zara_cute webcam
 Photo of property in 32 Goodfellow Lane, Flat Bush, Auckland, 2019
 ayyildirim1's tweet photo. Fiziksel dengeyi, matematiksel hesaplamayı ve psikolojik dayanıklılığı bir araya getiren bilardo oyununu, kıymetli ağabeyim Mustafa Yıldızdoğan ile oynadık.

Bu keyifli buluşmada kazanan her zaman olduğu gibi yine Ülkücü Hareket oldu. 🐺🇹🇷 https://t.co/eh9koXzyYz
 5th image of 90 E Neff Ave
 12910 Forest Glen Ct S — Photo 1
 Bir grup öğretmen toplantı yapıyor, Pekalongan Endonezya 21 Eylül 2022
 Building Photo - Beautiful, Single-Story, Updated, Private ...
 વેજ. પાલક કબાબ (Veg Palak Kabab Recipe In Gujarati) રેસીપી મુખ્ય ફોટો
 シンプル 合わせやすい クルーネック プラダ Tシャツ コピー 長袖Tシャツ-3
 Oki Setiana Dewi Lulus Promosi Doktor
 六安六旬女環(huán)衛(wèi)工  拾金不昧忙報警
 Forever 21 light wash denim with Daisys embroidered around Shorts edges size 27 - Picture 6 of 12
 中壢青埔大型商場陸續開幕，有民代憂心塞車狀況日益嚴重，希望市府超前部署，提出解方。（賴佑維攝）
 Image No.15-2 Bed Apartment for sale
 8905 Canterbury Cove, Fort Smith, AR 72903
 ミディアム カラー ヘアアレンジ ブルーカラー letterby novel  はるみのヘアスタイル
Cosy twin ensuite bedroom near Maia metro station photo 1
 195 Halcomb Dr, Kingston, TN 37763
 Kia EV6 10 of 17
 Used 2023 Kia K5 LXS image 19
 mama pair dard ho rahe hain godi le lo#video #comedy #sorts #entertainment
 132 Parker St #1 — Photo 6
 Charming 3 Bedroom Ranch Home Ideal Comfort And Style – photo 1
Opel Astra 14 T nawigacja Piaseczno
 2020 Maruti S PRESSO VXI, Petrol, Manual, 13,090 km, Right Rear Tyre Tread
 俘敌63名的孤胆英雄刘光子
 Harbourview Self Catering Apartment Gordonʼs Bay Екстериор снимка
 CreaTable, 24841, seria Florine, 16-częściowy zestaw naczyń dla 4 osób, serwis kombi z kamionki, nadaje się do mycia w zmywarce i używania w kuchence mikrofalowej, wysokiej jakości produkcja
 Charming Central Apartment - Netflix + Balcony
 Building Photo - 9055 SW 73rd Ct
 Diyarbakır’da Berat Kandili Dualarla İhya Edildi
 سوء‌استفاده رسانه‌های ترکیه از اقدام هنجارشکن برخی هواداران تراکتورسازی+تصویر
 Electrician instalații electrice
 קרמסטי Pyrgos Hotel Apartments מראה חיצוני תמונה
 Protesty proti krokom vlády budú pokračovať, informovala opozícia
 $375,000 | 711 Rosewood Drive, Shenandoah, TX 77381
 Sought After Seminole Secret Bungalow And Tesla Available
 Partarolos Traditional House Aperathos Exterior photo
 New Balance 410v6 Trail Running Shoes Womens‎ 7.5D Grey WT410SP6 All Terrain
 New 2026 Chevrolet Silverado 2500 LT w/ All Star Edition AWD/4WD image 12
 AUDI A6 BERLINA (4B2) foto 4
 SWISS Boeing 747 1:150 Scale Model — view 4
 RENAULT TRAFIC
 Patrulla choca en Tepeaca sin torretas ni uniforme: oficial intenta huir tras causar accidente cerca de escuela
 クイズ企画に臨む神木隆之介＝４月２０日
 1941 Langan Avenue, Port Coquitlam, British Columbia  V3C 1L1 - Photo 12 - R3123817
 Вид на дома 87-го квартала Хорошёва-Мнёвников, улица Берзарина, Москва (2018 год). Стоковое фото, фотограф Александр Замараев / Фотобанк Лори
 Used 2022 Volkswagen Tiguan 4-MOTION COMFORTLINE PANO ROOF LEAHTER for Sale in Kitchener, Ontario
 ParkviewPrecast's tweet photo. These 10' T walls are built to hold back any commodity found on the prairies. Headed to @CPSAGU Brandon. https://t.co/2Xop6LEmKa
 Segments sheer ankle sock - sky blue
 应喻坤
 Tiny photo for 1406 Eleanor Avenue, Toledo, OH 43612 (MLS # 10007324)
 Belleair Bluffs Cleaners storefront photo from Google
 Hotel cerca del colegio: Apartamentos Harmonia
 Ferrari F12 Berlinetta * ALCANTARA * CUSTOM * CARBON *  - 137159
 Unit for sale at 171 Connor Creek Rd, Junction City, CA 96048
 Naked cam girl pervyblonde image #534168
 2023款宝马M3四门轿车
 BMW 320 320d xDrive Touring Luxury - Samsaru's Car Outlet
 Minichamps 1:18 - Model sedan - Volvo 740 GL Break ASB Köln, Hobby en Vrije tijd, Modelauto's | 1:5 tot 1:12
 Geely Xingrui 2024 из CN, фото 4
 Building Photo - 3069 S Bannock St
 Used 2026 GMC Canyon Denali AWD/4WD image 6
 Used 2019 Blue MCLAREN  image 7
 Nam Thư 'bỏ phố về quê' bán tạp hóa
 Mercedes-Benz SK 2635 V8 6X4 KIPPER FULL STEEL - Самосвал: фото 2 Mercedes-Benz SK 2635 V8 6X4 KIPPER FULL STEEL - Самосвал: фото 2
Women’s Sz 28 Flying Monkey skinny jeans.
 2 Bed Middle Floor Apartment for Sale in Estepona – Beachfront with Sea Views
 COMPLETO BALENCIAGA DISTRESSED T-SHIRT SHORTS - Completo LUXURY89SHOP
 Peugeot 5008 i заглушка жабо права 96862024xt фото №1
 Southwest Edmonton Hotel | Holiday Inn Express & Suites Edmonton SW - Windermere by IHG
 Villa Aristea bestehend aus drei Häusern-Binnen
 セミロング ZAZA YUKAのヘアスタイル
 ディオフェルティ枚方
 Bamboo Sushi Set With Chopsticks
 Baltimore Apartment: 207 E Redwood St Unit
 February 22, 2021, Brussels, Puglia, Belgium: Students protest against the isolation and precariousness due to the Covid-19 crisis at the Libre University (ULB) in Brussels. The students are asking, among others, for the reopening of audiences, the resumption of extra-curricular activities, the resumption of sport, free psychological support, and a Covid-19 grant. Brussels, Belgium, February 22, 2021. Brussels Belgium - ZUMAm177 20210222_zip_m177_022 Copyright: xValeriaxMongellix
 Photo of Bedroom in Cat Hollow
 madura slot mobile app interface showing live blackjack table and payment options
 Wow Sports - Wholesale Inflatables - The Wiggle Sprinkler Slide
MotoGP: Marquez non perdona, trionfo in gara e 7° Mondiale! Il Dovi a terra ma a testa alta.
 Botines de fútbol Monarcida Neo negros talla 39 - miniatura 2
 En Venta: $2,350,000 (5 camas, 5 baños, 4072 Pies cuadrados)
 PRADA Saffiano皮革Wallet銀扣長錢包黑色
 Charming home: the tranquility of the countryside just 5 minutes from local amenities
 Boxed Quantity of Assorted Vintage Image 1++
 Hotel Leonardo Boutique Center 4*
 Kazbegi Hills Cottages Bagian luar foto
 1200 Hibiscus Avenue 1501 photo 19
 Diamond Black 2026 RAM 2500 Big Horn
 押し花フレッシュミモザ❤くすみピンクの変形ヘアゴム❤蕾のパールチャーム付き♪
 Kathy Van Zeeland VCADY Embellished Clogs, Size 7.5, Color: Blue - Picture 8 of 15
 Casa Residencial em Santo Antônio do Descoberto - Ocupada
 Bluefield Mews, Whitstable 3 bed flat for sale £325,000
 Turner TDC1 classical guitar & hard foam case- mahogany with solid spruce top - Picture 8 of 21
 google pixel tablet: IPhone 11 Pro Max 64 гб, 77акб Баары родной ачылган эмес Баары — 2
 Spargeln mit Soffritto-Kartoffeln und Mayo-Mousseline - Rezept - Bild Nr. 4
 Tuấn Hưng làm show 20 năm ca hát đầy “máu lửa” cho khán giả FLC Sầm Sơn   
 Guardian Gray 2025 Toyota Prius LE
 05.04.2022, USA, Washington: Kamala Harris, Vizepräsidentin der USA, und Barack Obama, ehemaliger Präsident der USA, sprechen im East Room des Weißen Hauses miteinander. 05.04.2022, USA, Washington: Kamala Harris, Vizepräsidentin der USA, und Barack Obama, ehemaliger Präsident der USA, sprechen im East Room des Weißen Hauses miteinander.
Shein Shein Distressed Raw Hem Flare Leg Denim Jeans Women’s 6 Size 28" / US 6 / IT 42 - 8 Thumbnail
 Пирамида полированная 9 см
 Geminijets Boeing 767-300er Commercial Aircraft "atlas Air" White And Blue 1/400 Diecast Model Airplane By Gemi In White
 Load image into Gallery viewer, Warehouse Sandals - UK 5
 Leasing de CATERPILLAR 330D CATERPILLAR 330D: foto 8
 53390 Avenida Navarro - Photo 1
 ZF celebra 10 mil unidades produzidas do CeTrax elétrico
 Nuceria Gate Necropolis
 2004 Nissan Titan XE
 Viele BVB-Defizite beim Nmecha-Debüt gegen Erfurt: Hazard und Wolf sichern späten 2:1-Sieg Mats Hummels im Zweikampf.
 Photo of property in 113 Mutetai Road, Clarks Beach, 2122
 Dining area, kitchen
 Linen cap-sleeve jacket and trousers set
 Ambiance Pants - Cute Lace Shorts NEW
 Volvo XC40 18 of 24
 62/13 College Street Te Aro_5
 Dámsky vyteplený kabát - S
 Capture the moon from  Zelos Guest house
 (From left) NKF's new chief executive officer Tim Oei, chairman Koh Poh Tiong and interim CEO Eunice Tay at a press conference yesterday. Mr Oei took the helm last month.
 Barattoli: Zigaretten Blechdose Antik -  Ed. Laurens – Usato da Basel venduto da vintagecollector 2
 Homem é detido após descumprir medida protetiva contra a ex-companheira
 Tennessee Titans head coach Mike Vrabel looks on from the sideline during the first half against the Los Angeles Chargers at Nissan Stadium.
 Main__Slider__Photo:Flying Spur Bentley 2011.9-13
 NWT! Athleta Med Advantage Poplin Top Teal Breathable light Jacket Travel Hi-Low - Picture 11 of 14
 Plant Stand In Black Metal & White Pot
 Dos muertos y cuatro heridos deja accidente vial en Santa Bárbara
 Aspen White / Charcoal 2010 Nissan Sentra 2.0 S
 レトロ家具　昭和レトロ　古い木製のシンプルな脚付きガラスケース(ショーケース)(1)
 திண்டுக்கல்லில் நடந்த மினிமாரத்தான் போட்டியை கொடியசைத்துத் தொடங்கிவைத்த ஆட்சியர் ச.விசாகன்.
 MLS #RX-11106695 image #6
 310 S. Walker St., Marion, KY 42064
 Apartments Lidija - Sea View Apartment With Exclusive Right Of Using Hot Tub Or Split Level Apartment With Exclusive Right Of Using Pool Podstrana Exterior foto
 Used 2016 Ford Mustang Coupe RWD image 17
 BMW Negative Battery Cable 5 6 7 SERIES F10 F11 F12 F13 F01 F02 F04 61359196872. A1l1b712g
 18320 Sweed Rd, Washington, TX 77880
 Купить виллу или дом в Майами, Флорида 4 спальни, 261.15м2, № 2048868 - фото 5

• • •

YOUR INSTRUCTIONS
Find the string "Boeing" in the listing and copy every line in which it occurs.

RESPONSE AREA
 SWISS Boeing 747 1:150 Scale Model — view 4
 Geminijets Boeing 767-300er Commercial Aircraft "atlas Air" White And Blue 1/400 Diecast Model Airplane By Gemi In White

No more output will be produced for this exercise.